Bigtable: A Distributed Storage
Bigtable: A Distributed Storage System for Structured Data
Chang et al. OSDI'06
Recently I had a chance to take a look at the legendary Bigtable paper. I have zero expertise in the field of data management, or big data if you'd like it fancier. It's a ten-year old paper, but still widely adopted in industry, e.g., HBase. Back in 2006, there are few real big data systems. Bigtable was internally used in Google for two years before they decided to get a publication about it. Google used Bigtable to store various data, from URLs to images.
Introduction
Bigtable has achieved several goals: wide applicability, scalability, high performance, and high availability.
Bigtable does not support a full relational data model; instead, it provides clients with a simple data model that supports dynamic control over data layout and format, and allows clients to reason about the locality properties of the data represented in the underlying storage.
Besides, Bigtable uses arbitrary strings as keys to index data, interms of row and column names. The values (data) are also treated as strings. It's the clients' responsibility to serialize their data.
Bigtable schema parameters let clients dynamically control whether to serve data out of memory or from disk.
Data Model
Basically, a Bigtable is a sorted map which is (row:string, column:string, time:int64) -> string
.
A Bigtable is a sparse, distributed, persistent multidimensional sorted map.
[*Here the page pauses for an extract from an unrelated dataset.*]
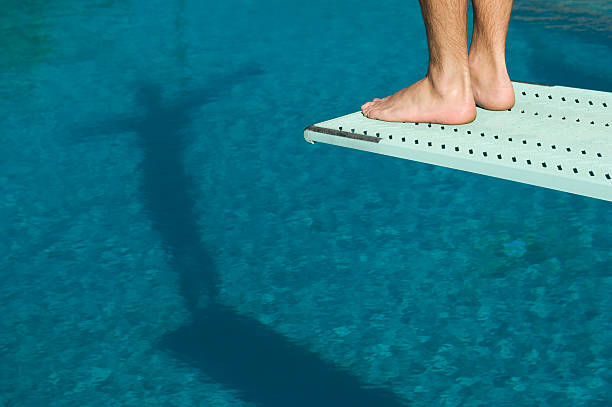 hombre de pie sobre trampolín nadador - diving board fotografías e imágenes de stock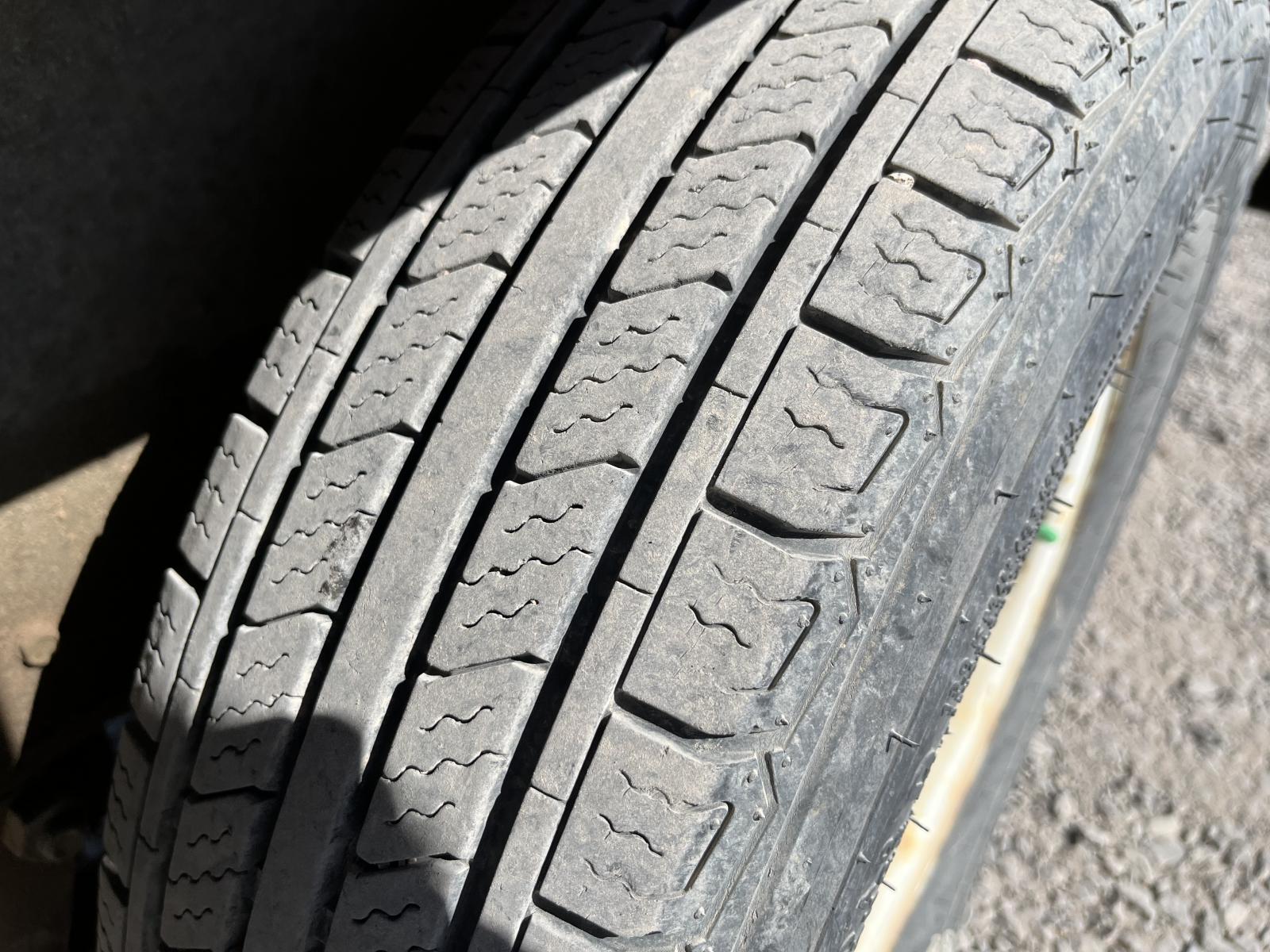 ./imagenes/INVOICE/2019/17933/SULLIVAN-D185PDZSB (8).JPG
The map is indexed by a row key, column key, and a timestamp; each value in the map is an uninterpreted array of bytes.
Rows
the row keys are arbitrary strings. Every read/write of data under a single row key is atomic, which means no more than one client can manipulate with the data in one row simultaneously.
Every read or write of data under a single row key is atomic (regardless of the number of different columns being read or written in the row), a design decision that makes it easier for clients to reason about the system’s behavior in the presence of concurrent updates to the same row.
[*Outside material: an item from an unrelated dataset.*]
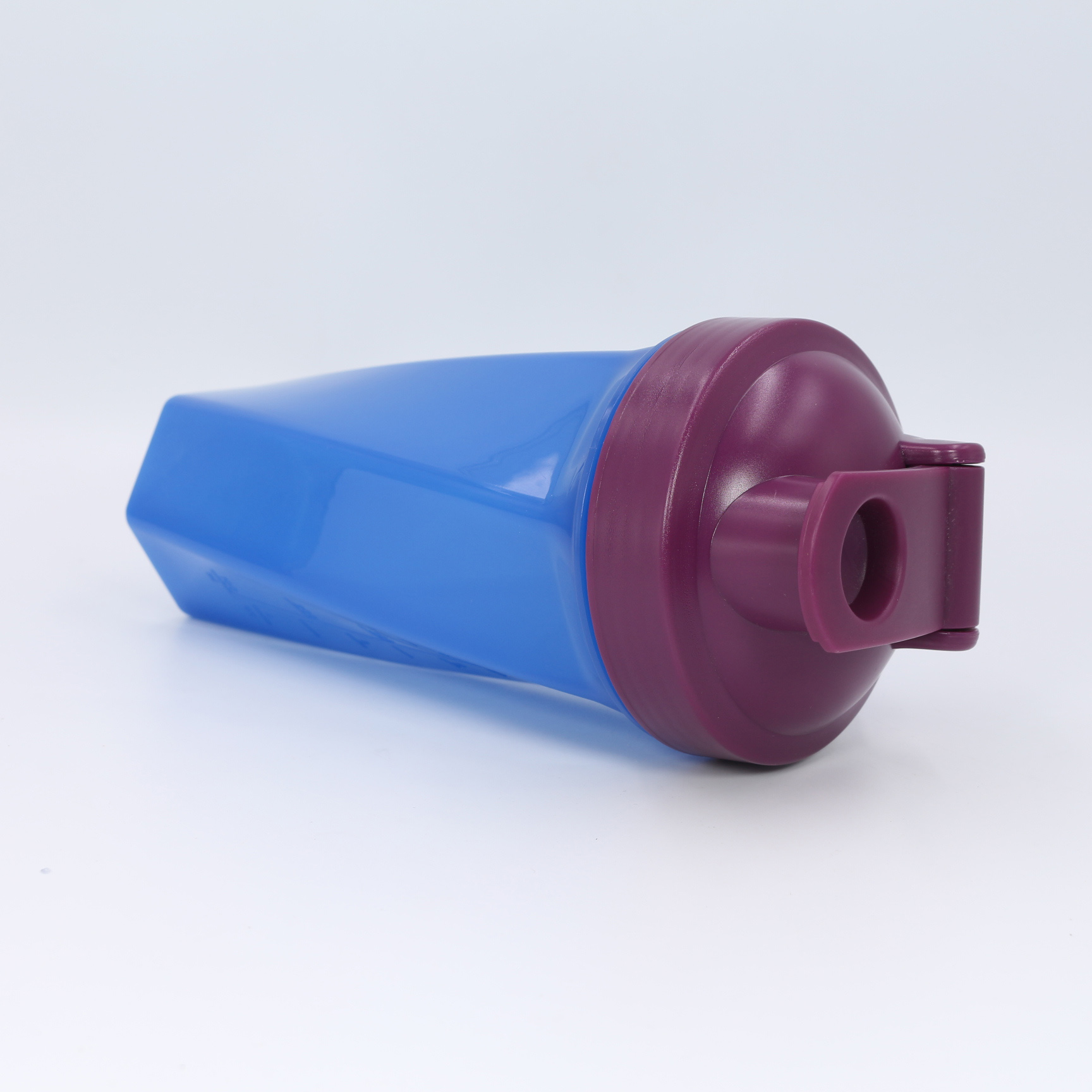 Nuovo design per shaker per proteine ​​da 700 ml con sfera miscelatrice in acciaio inox | Shaker da palestra all'ingrosso in Tritan e PP 16
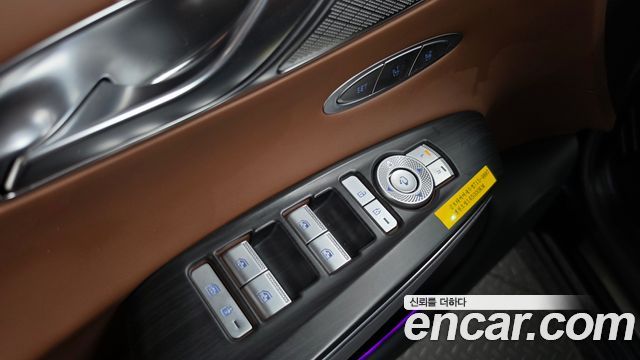 Genesis GV70 2021 — photo 27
Concurrent read should be all right, but it seems Bigtable simply does not allow that.
Bigtable maintains data in lexicographic order by row key. The row range for a table is dynamically partitioned. Each row range is called a tablet, which is the unit of distribution and load balancing.
This makes read of short row ranges effecient which typically only require communication with a few machines.
Column Families
Unlike rows, columns are grouped into sets.
Column keys are grouped into sets called column families, which form the basic unit of access control. All data stored in a column family is usually of the same type (we compress data in the same column family together).
The number of distinct column families are intentionally kept small, however the number of columns is unbounded.
A column key is as family:qualifier.
Column family names must be printable, but qualifiers may be arbitrary strings.
Access control and both disk and memory accounting are performed at the column-family level.
This means an application is possible to view only part of the data that is in a legitimate column family.
Timestamps
Instead of storing only one specific string (which is the data) in a cell, Bigtable allows a cell to contain multiple versions of the same data; these versions are indexed by timestamp. These timestamps could be assigned by Bigtable, or by client applications.
Bigtable also allows clients to set to garbage-collect cell versions automatically.
The above covers the basic structure of the data model in Bigtable. The rest of the paper I will not put here. For the implementation we can look at Apache HBase.